KOMPAS.com - Stadion Kanjuruhan di Malang, Jawa Timur, pada 1 Oktober 2022, menjadi lokasi terjadinya tragedi terbesar dalam sejarah sepak bola Indonesia.
Sebanyak 135 orang penonton sepak bola yang menyaksikan laga Arema FC melawan Persebaya Surabaya malam itu tewas dalam kepanikan yang timbul seusai polisi menembakkan gas air mata secara membabi-buta ke arah tribune penonton.
Tindakan polisi mengakibatkan massa berlarian ke arah pintu keluar untuk menyelamatkan diri. Mereka berdesak-desakkan, sebagian terinjak, dan banyak yang kesulitan bernafas.
Malam itu, Kanjuruhan menjelma petaka. Orang-orang terperangkap di antara gas air mata dan pintu stadion. Satu demi satu dari mereka kehilangan nyawa.
Tiga tahun setelah Tragedi Kanjuruhan, keluarga korban masih mencari keadilan. Mereka mendatangi kantor Komnas HAM di Jakarta Pusat pada Rabu (1/10/2025).
Di depan kantor Komnas HAM, mereka berdiri berjejer sambil memegang poster bergambar wajah-wajah korban, lengkap dengan nama dan keterangan meninggalnya.
Lutfi, seorang ibu yang keluarganya meninggal pada tragedi tersebut, menyampaikan kekecewaannya karena hingga saat ini suami dan anaknya belum mendapatkan keadilan.
"Saya ke sini mencari keadilan tetapi keadilannya di Indonesia ini. Maaf seribu maaf, melempem dan bobrok. Saya kehilangan suami dan kedua anak saya. Di mana keadilan ini?" ucap Lutfi, seperti diberitakan Kompas.com, Rabu (1/10/2025).
Lutfi mengatakan, suami dan anaknya berangkat menonton pertandingan sepak bola dengan membawa harapan, tetapi justru kehilangan nyawa di Kanjuruhan.
“Suami dan anak saya melihat sepak bola membawa harapan, tetapi mereka membunuh anak saya dan suami saya. Apa mereka tidak punya hati?” tutur dia.
Dalam audiensi dengan Komnas HAM, keluarga korban menuntut agar Tragedi Kanjuruhan ditetapkan sebagai pelanggaran HAM Berat dan dilakukan penyelidikan pro yustisia.

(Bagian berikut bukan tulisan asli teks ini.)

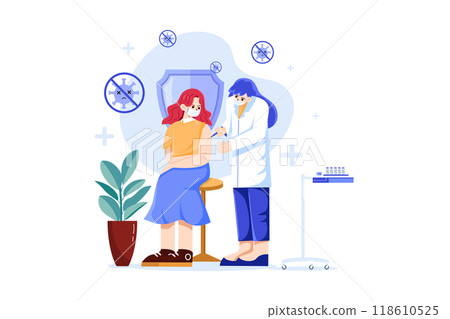 Vaccination Covid-19 118610525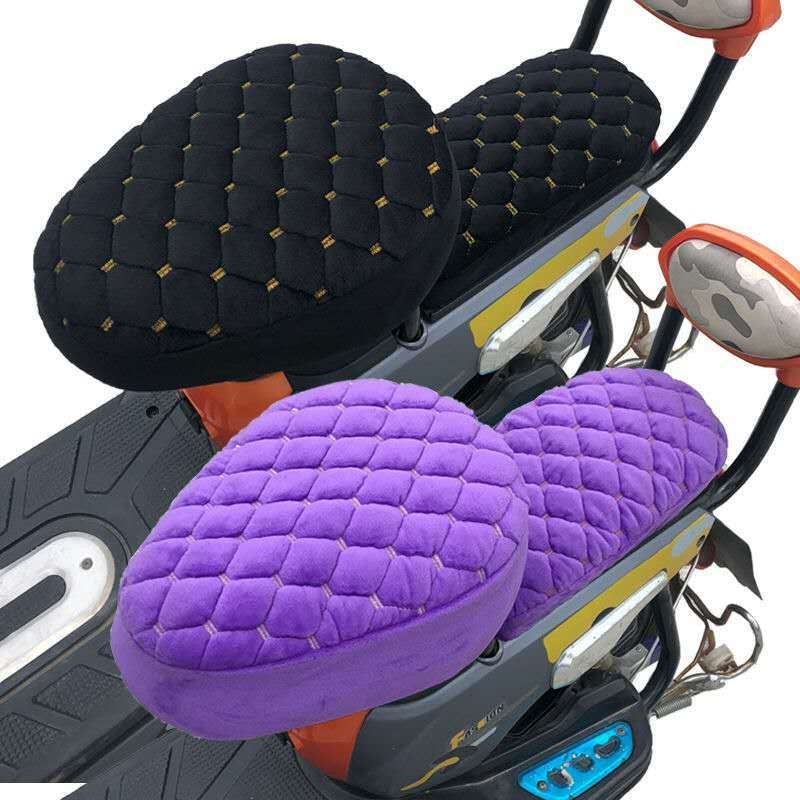Electric vehicle seat cushion cover winter warm electric vehicle electric bicycle seat cover cotton padded universal seat cover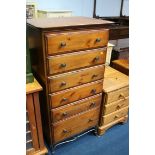 Modern pine chest of drawers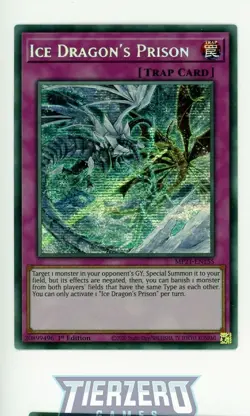 Yugioh Ice Dragon's Prison MP21-EN155 Secret Rare 1st Edition Near Mint - Image 1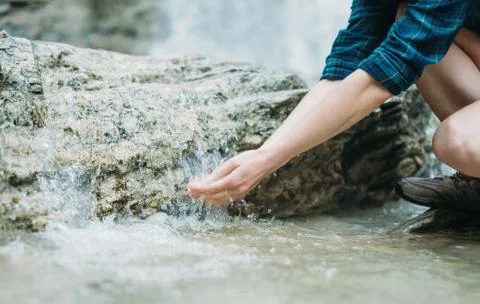 Source of water Stock Photos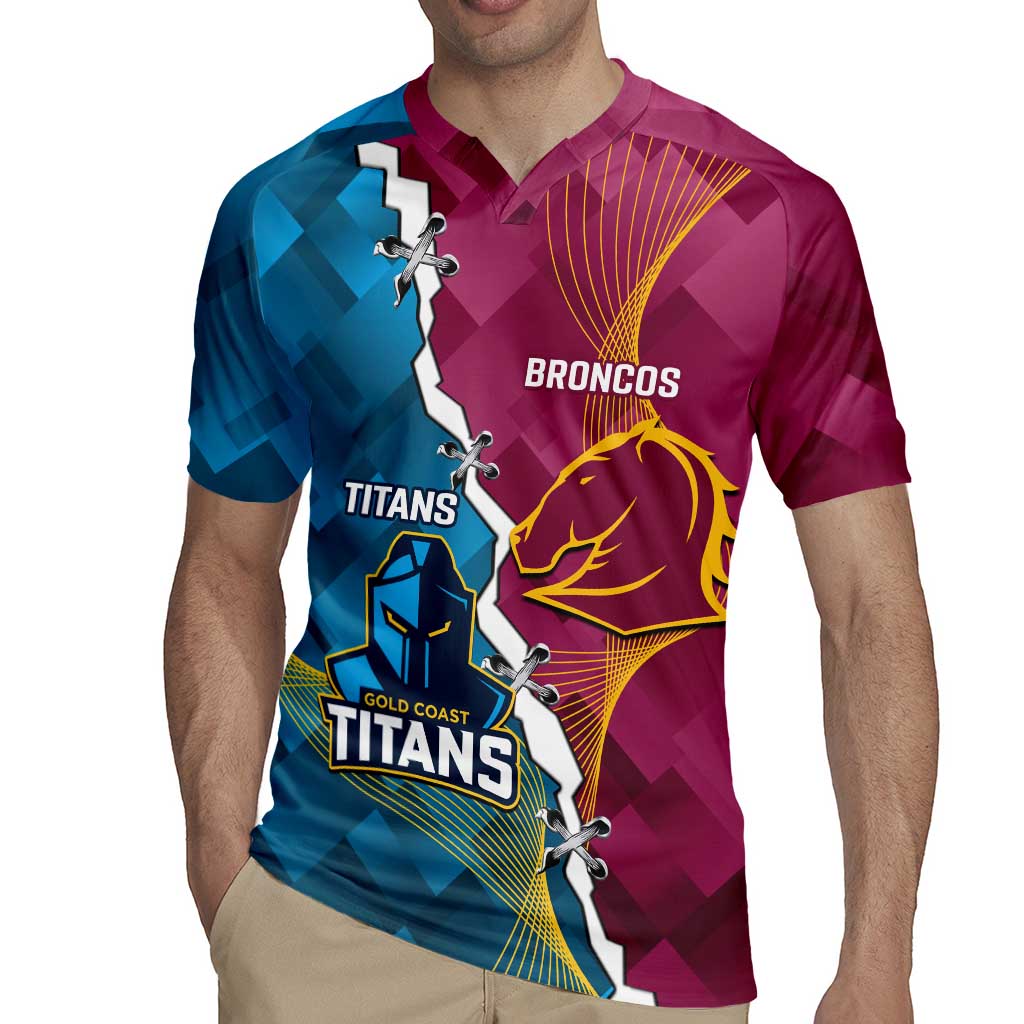 Custom Broncos And Titans Rugby 2024 Rugby Jersey Dynamic Style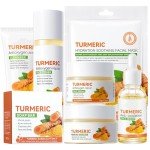 Turmeric Skincare Set: 11-Piece Facial Kit
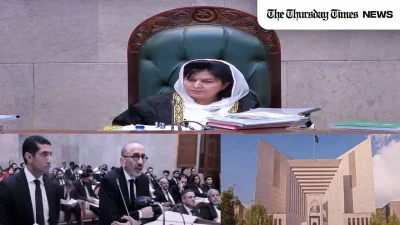 Pakistan's top court challenges the legitimacy of reserved seats awarded to a non-elected party. — FILE/THE THURSDAY TIMES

“Tentu langkah yang akan kita lakukan tetap mendorong Komnas HAM agar menetapkan tragedi Kanjuruhan sebagai pelanggaran HAM berat dan melakukan proses penyelidikan pro yustisia,” kata Dermawan, pendamping hukum keluarga korban Kanjuruhan.
Sementara itu, Vebrina Monicha dari Komisi untuk Orang Hilang dan Korban Tindak Kekerasan (KontraS) menyoroti lambannya penanganan kasus oleh aparat kepolisian maupun Komnas HAM.
Menurut Vebrina, laporan keluarga korban Kanjuruhan sejak 2023 hingga sekarang tidak pernah teregistrasi secara resmi.
“Bagaimana bisa dibilang Kanjuruhan sudah menemukan keadilannya, ketika laporan pengaduan masyarakat saja tidak teregistrasi sampai sekarang?,” ujar Vebrina.